---------- Listed records ----------

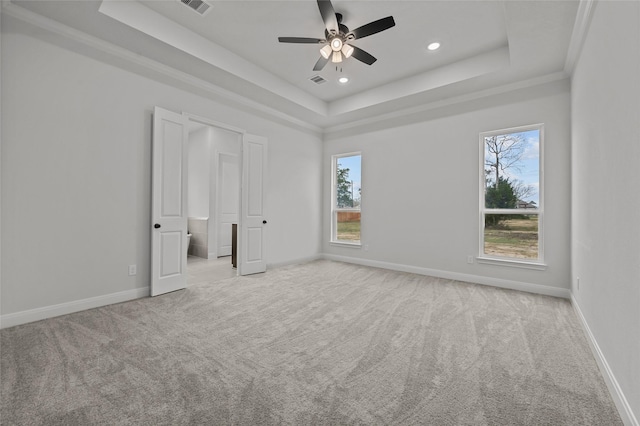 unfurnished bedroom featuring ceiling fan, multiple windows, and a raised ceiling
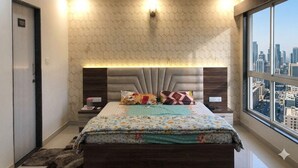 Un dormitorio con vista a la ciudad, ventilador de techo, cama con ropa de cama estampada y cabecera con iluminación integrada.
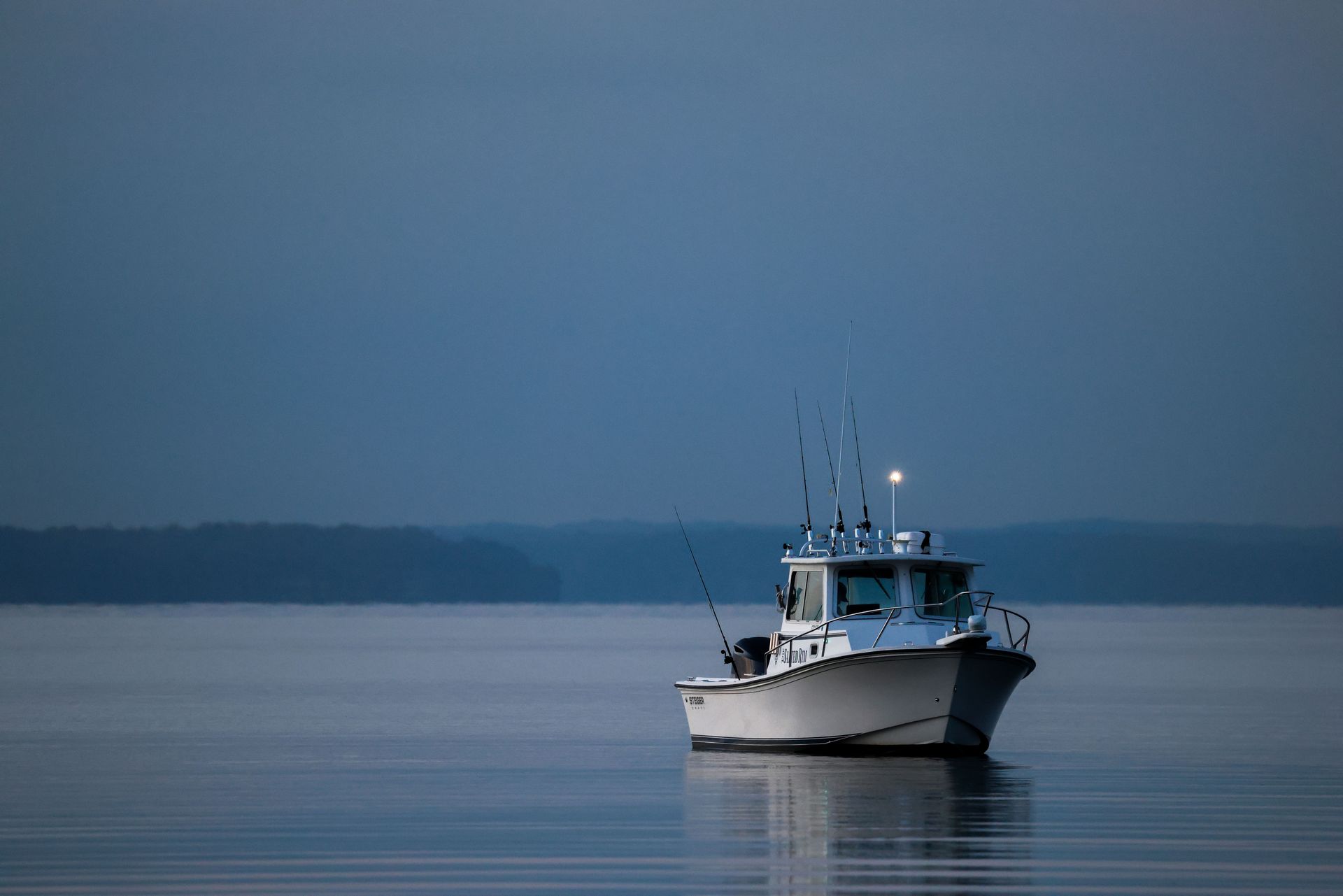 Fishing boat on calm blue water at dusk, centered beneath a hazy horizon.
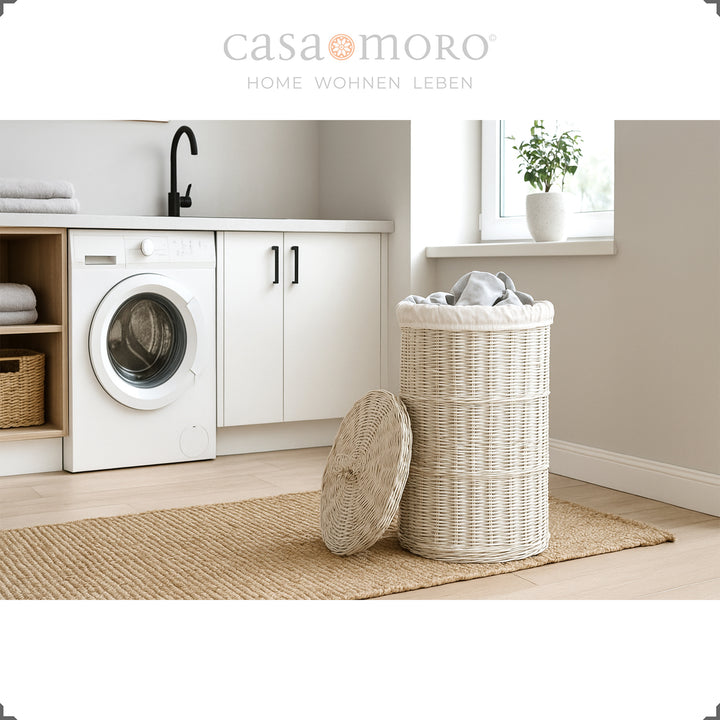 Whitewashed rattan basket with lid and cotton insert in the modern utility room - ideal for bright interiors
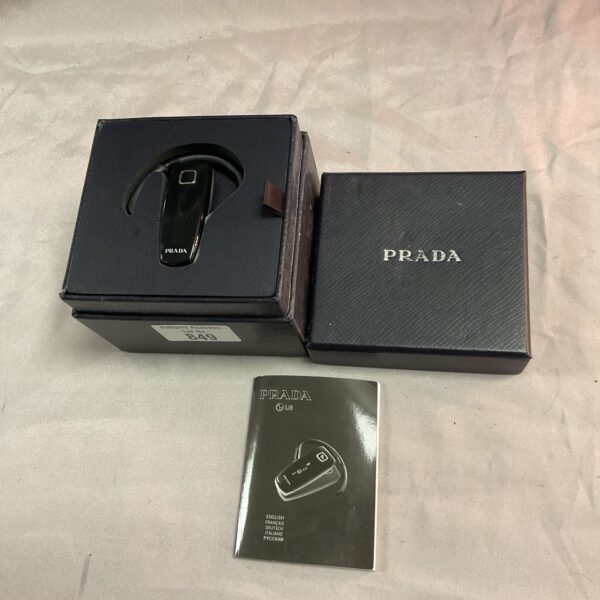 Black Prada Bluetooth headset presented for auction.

----------
---------- Listed records ----------

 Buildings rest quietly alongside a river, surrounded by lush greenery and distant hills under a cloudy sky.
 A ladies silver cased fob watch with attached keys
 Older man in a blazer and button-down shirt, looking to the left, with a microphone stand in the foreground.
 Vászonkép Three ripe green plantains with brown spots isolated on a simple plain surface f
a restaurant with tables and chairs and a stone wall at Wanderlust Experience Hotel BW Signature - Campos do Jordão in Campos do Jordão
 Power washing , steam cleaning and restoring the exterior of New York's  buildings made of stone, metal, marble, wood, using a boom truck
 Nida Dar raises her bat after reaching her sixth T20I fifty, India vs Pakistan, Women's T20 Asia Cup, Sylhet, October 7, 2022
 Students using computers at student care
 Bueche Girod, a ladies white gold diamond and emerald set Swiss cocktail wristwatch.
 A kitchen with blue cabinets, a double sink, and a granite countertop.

----------
---------- Listed records ----------

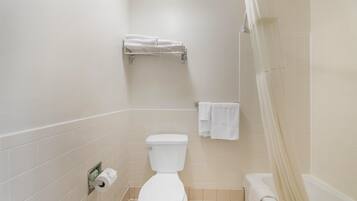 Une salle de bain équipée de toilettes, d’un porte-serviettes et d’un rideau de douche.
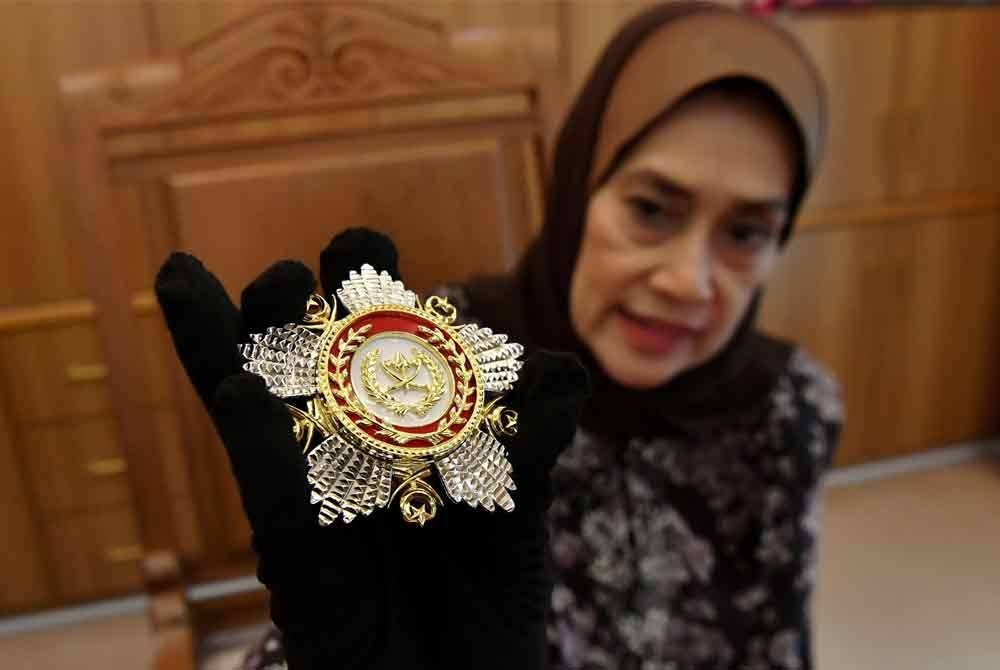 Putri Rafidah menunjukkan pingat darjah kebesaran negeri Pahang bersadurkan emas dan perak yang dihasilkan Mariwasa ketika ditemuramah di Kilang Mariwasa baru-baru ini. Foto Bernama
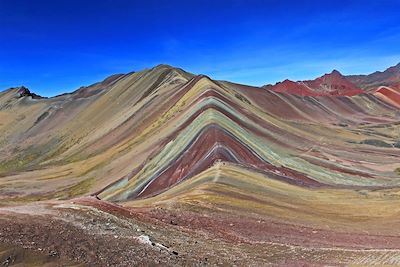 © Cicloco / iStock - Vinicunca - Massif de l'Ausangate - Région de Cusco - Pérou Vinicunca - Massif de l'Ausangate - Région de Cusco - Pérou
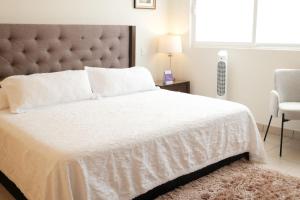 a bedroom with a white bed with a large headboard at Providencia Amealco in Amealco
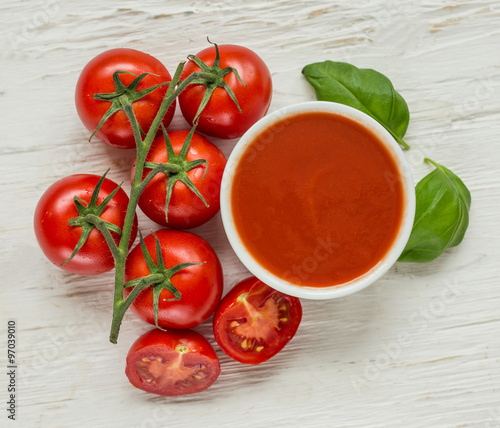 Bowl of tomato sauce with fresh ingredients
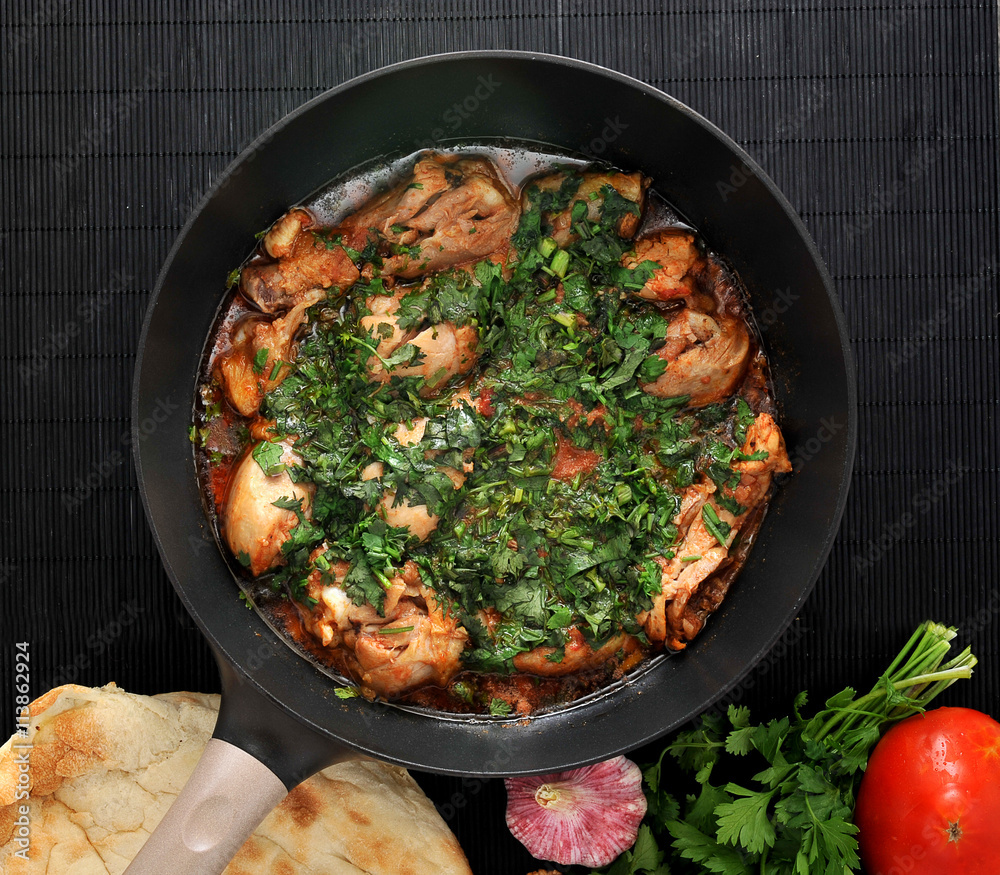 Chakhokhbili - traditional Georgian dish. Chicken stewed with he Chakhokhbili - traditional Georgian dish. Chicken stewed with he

----------

#### Task to carry out
Nothing but the lines above from the one containing "a restaurant with" through the one containing "Power washing , steam" should appear in the answer, each repeated exactly.

#### Solution to the exercise
a restaurant with tables and chairs and a stone wall at Wanderlust Experience Hotel BW Signature - Campos do Jordão in Campos do Jordão
 Power washing , steam cleaning and restoring the exterior of New York's  buildings made of stone, metal, marble, wood, using a boom truck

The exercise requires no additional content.